(Short text fragments from websites)
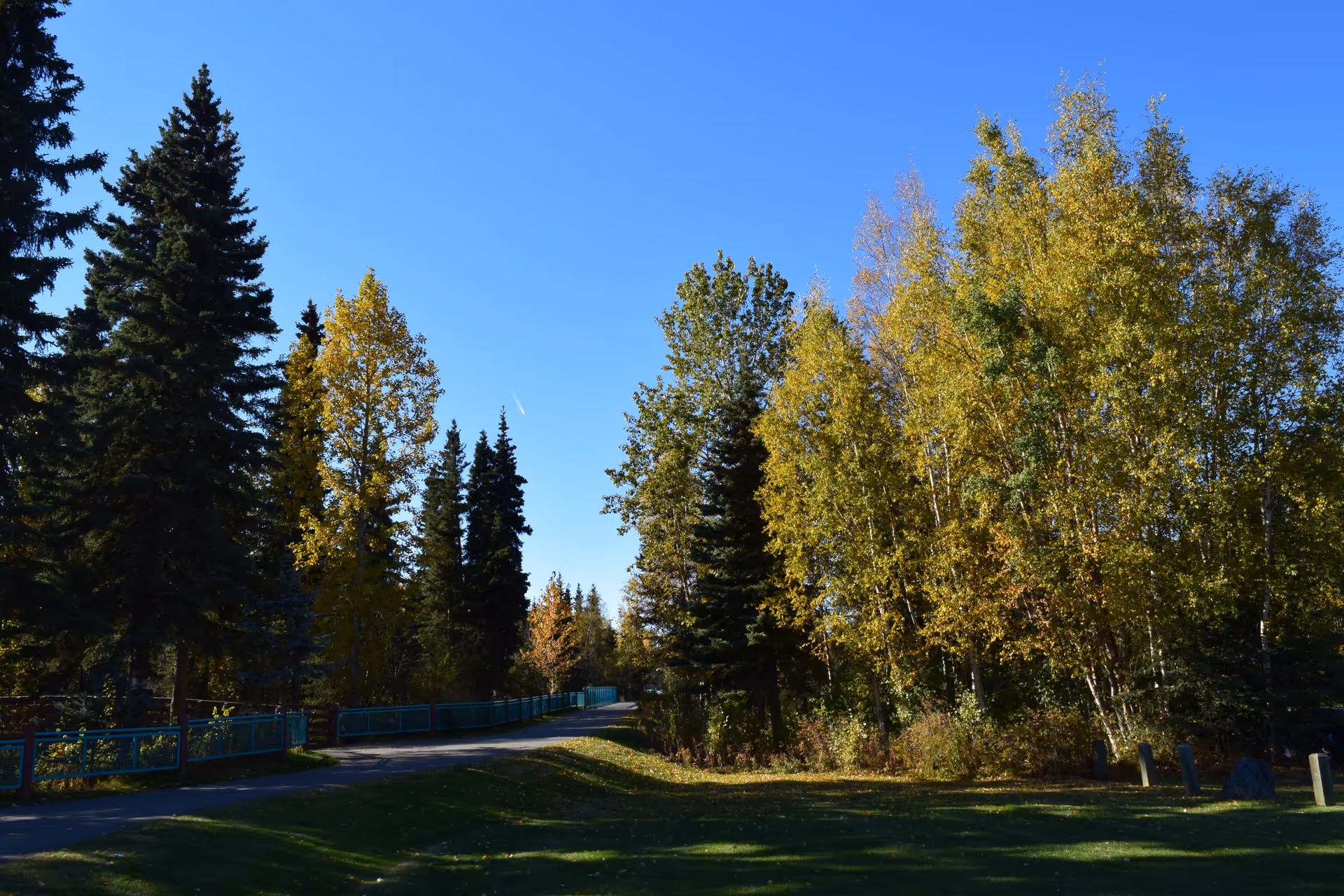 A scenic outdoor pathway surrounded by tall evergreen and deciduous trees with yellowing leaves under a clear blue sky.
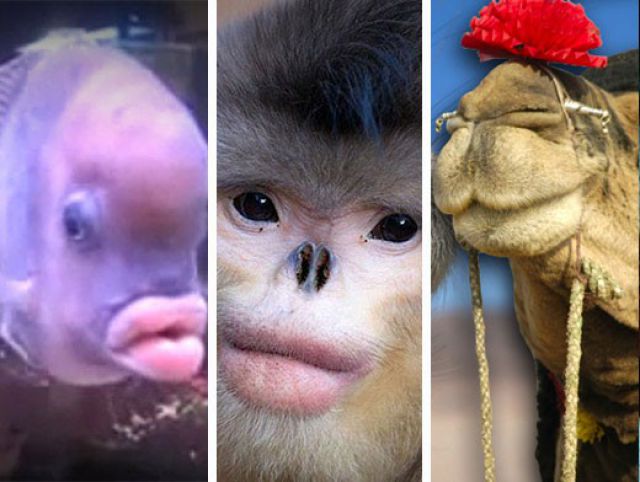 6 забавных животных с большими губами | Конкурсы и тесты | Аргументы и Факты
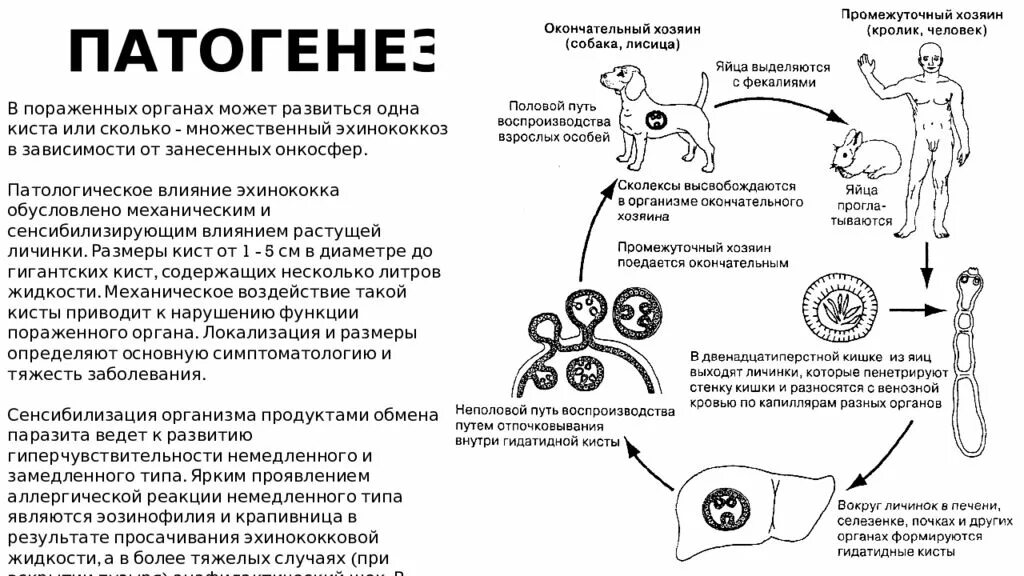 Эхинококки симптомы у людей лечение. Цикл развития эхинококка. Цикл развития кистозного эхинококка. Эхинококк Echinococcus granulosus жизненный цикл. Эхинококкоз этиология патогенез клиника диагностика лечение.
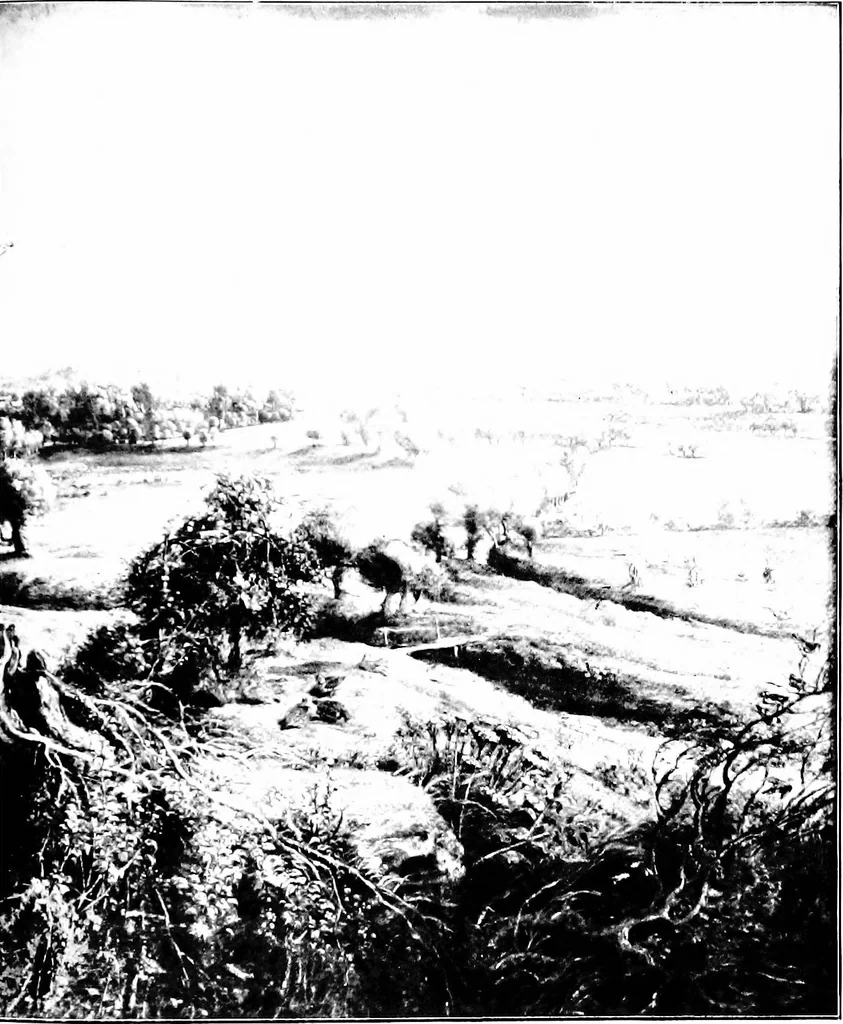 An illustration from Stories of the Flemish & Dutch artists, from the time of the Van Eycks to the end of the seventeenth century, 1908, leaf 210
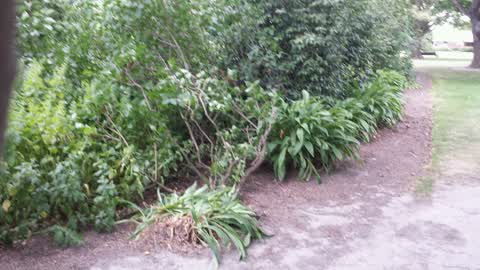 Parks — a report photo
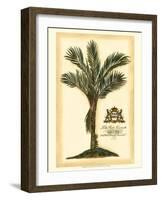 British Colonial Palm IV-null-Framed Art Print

▸ ASSIGNED TASK: Set down the records above exactly, leaving out pictures.

▸ EXERCISE OUTPUT:
 A scenic outdoor pathway surrounded by tall evergreen and deciduous trees with yellowing leaves under a clear blue sky.
 6 забавных животных с большими губами | Конкурсы и тесты | Аргументы и Факты
 Эхинококки симптомы у людей лечение. Цикл развития эхинококка. Цикл развития кистозного эхинококка. Эхинококк Echinococcus granulosus жизненный цикл. Эхинококкоз этиология патогенез клиника диагностика лечение.
 An illustration from Stories of the Flemish & Dutch artists, from the time of the Van Eycks to the end of the seventeenth century, 1908, leaf 210
 Parks — a report photo
 British Colonial Palm IV-null-Framed Art Print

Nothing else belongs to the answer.